After visiting Elisha, Naaman was being asked to acknowledge that there was a possibility that Israel’s God could do something the Syrian god was unable to do (2 Kings 5:10). The action of dipping in the Jordan River seven times would indicate a betrayal of his faith in a pagan god. The reason is that the waters represented the channels of covenantal blessings between the people and their god. Dipping in the Jordan said, only the God of Israel can heal me.

Elisha couldn’t lay hands on Naaman or touch him in any way to cleanse him because a leper was unclean and would make the prophet unclean as well. Jesus doesn’t need a river to heal. By His Word and by His personal touch, the leper in Matthew 8:1–4 was healed. The story of Naaman teaches that how we receive healing and provision is by not trying to deserve it.

That’s how the widow of Zarephath and Naaman the Syrian got their miracles (Luke 4:24-27). They were Gentiles and they didn’t deserve it. It was purely by the grace, the goodness, and the kindness of God. The lepers of Israel overlooked the healing that could have been theirs through Elisha, so God healed a Syrian instead.

May this story of the popular leper who was blessed by God all along, who was given the victory over his battle with leprosy because He received the grace of God, bless you today. Naaman forsook the worship of his false gods and pagan idols and became an illustration that Jesus used that shows that healing, salvation, and provision are not given by merit but simply by the grace of our Lord Jesus Christ. Receive your miracle today through the Word and the personal touch of Jesus Christ upon your life.

#Coming Out of Jerusalem

Daily Reading: (Acts 11:1-3):

“The apostles and the believers throughout Judea heard that the Gentiles also had received the word of God. So when Peter went up to Jerusalem, the circumcised believers criticized him and said, “You went into the house of uncircumcised men and ate with them.”

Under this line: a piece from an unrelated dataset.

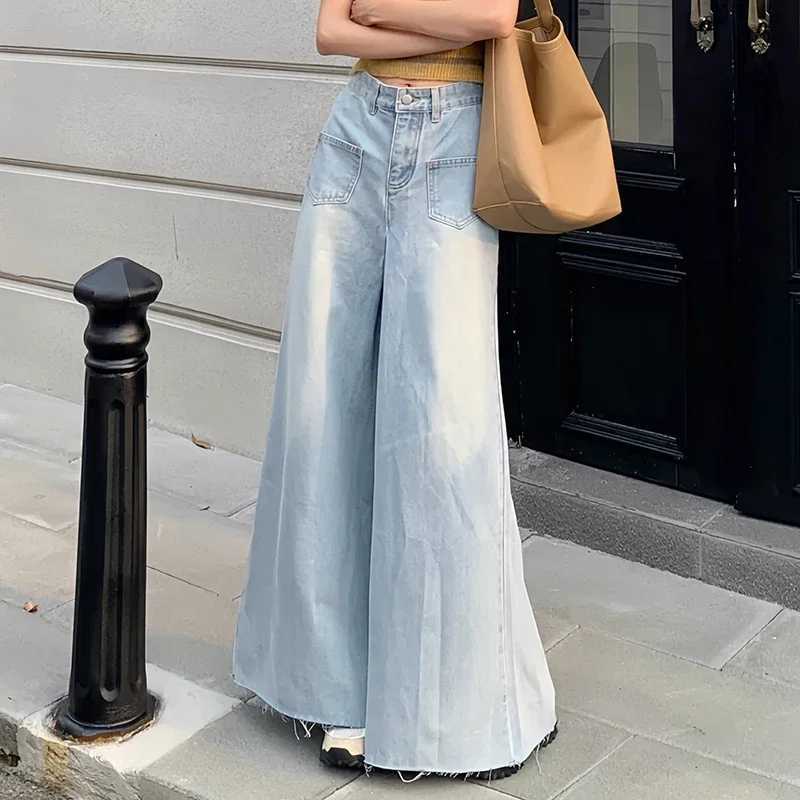 Woman High Waist Vintage Designer Wide Leg Jeans Female Gothic Loose Straight Leg Pants Girls Blue Light Blue Denim Trousers C251110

Acts 11 has a profound effect on our lives and the purpose is to unite us together in Christ instead of divide us in the world. In Acts 11:1 “The apostles and the believers throughout Judea heard that the Gentiles also had received the word of God.” So, we are going to do a what do you think happens next segment?

People are believing in Jesus Christ and the circumcised (law living) believers

  1. a) rejoiced and threw a party
  2. b) sent church leaders to help establish a church Caesarea
  3. c) a and then b
  4. d) criticized Peter

“So when Peter went up to Jerusalem, the circumcised believers criticized him and said, “You went into the house of uncircumcised men and ate with them.” Nationality is not what gives you a right standing before God but faith in Jesus Christ. Salvation is for all people (Acts 11:9). What a miracle to behold, hostile towards each other- now that wall of separation is broken in Christ and there has been peace brought to us (Acts 11:18, Ephesians 2:14).

As you continue reading Acts 11 there is a statement made, “the hand of the Lord was with them.” The Greek word means that God is present protecting and aiding one (Acts 11:21).

“The disciples were called Christians first at Antioch.” In a Gentile Greek city, the name of believers in Jesus is born, Christians (Acts 11:26). As they ministered, we learn the hand of the Lord was with them in the present (Acts 11:21), but we also find God goes into the future and makes their path straight by warning of a coming famine (Acts 11:28).